Ergänzungen aus der Community

  • Goodplayer 06.09.2010 13:05
    Ich habe kürzlich in einem Blog gelesen, dass sich Microsoft (vorerst?) gegen "echtes" Mulithreading entschieden haben könnte, da schlecht programmierte Programme (die sich z.B. nicht richtig beenden) sonst zu großen Einfluss auf die Performance haben könnten und der Kunde dies auf das Betriebssystem schieben könnte, was wiederum ein schlechtes Image hervorrufen würde.

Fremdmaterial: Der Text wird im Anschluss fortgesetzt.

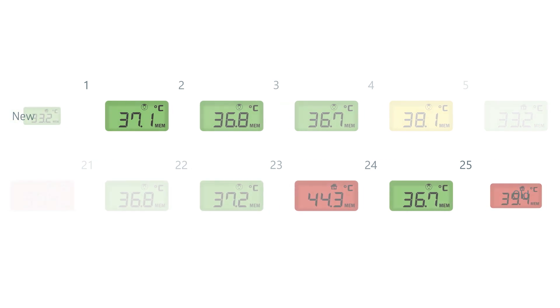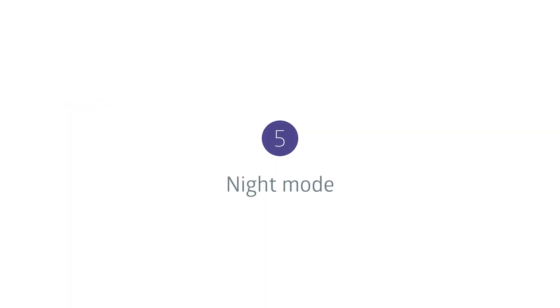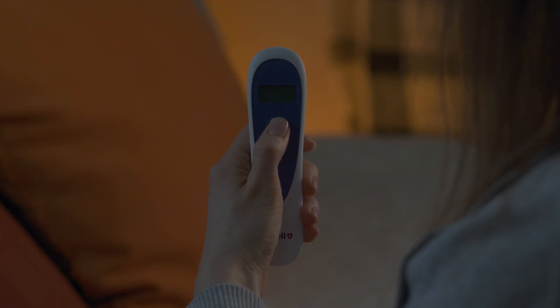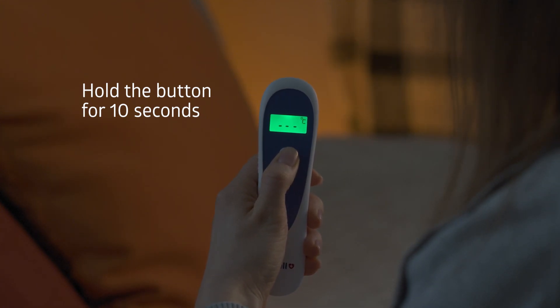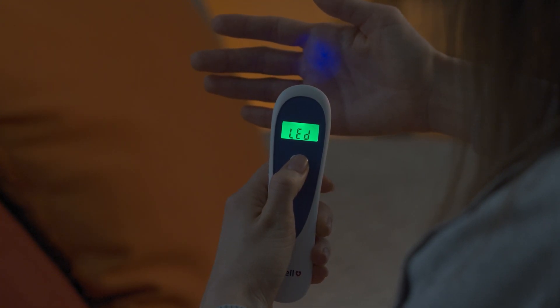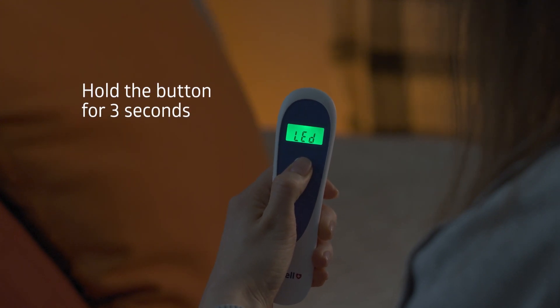Readings will be deleted one by one, starting with the oldest, regardless of whether body mode or object mode was recorded. To turn off the LED tracking light, turn off the device and press and hold the on button for 10 seconds until the device displays LED. Press the on button again to turn the tracking light on or off, then press and hold the on button for 3 seconds to save the change.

    Microsoft arbeitet ja schon an einem ersten Update, welches zum Start oder kurz danach kommen soll. Das ist finde ich auch eines der größten Vorteile: Microsoft updatet selbst das OS (dank der einheitlichen Oberfläche), bei Windows Mobile musste dies der Hersteller des Smartphones tun, was ja bekanntlich oftmals sehr lange dauerte.

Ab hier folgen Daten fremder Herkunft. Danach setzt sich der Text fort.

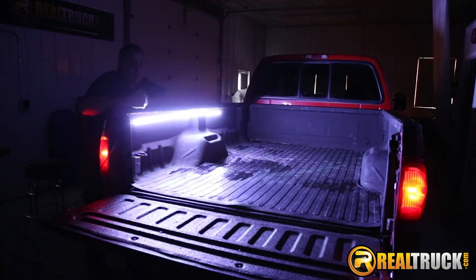Okay guys, there you have it. That's how quick, simple, and easy it is to install the Access LED truck bed light into your truck. So remember, until next time, happy motoring.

    Laut eines Mitarbeiters der Zune-Abteilung wird zum Start auch eine neue Version der Zune-Software veröffentlicht. Vielleicht gibt es dieses mal ja auch eine Mac-Version, denn diesen Wunsch habe ich schon öfters in verschiedenen Foren und auf Seiten gelesen (nicht nur deutschen); der Zune-Mitarbeiter twitterte auch (als Antwort auf die Frage eines Benutzers) etwas unverständliches, es sollte Microsoft also bekannt sein :).